### EXTRACTED DATA
__________________________________________________

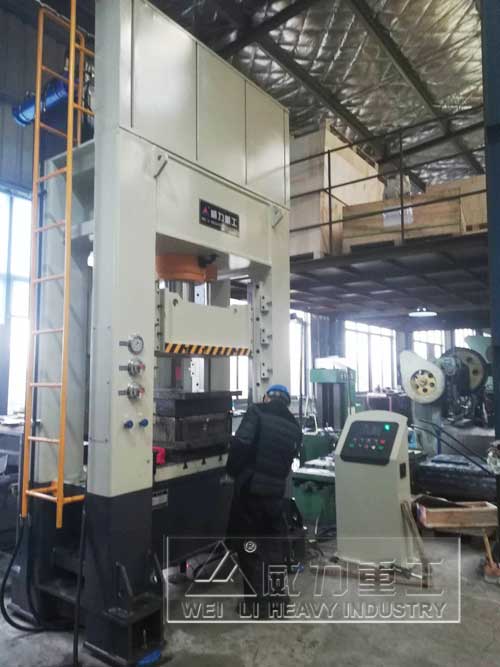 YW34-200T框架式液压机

__________________________________________________

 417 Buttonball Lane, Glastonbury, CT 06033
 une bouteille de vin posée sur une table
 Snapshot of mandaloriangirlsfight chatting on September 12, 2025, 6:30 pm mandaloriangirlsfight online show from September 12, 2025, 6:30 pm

__________________________________________________

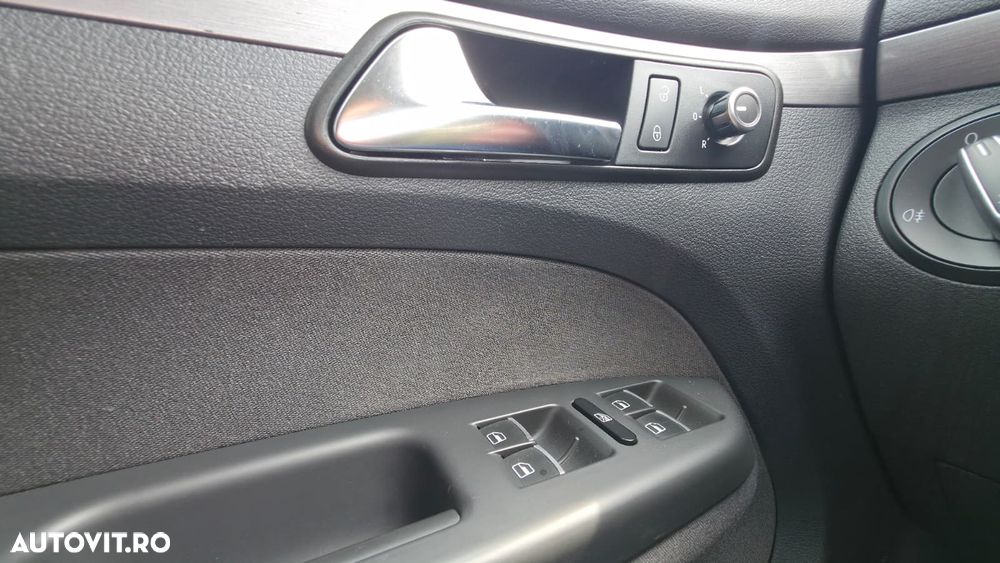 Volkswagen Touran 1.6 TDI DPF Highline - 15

__________________________________________________

### WHAT TO DO
Above this task is a listing. Restate, word for word and with nothing added, the lines from the one with "une bouteille de vin posée sur une table" through the one with "Snapshot of mandaloriangirlsfight".

### ANSWER BOX
 une bouteille de vin posée sur une table
 Snapshot of mandaloriangirlsfight chatting on September 12, 2025, 6:30 pm mandaloriangirlsfight online show from September 12, 2025, 6:30 pm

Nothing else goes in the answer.